__EXERCISE OBJECTIVE__
Would you please transcribe, exactly as written, the lines of the entries below starting at the one that holds "Lighter Line Filled Circle Icon vector" and ending at the one that holds "BUĞZ Gümüş Renk", both included?

__SOURCE MATERIAL__

----------

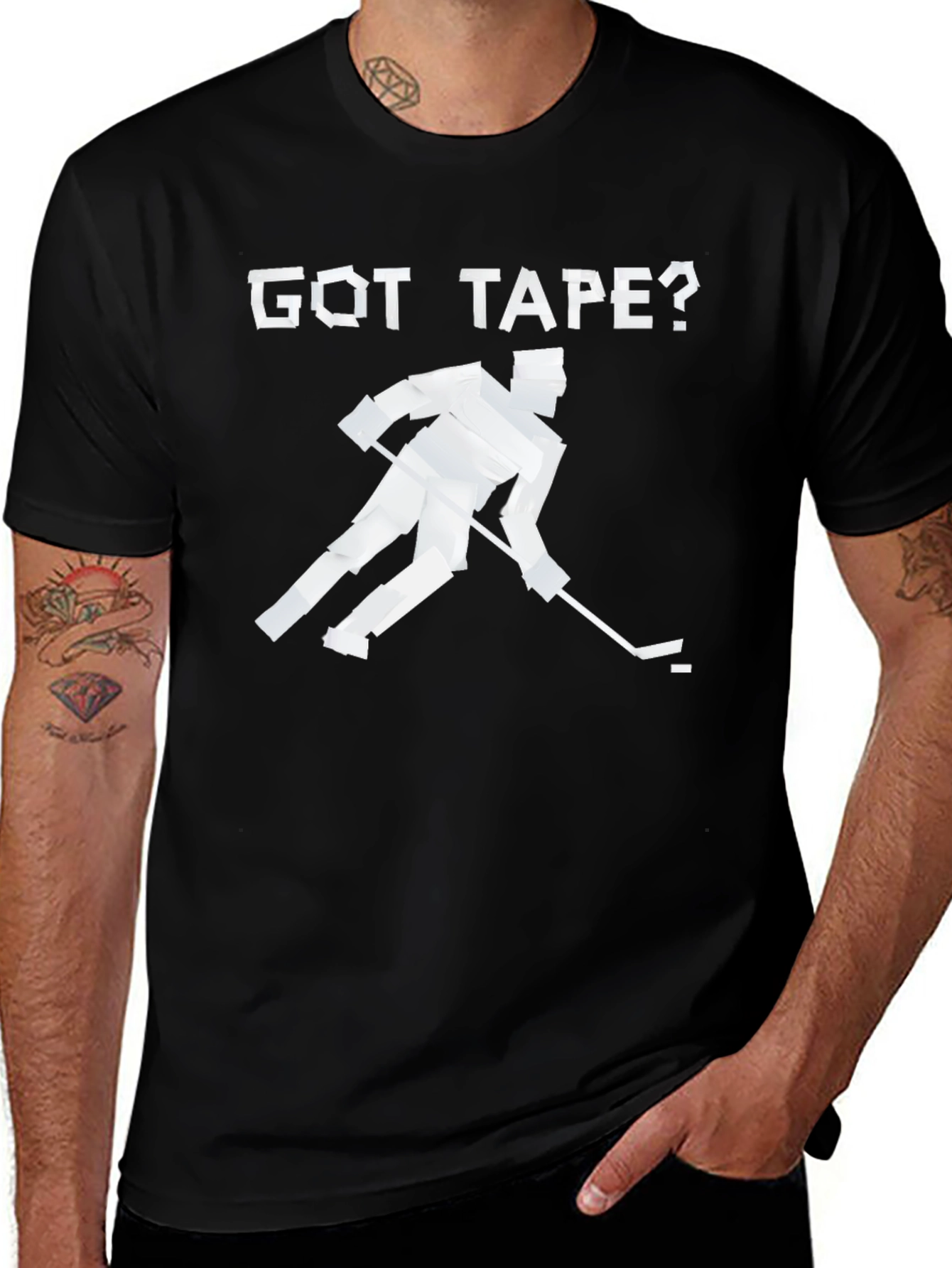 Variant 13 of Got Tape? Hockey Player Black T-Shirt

----------

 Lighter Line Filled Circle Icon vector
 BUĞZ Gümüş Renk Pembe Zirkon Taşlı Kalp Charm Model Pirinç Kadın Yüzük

----------

__FINISHED EXERCISE__
 Lighter Line Filled Circle Icon vector
 BUĞZ Gümüş Renk Pembe Zirkon Taşlı Kalp Charm Model Pirinç Kadın Yüzük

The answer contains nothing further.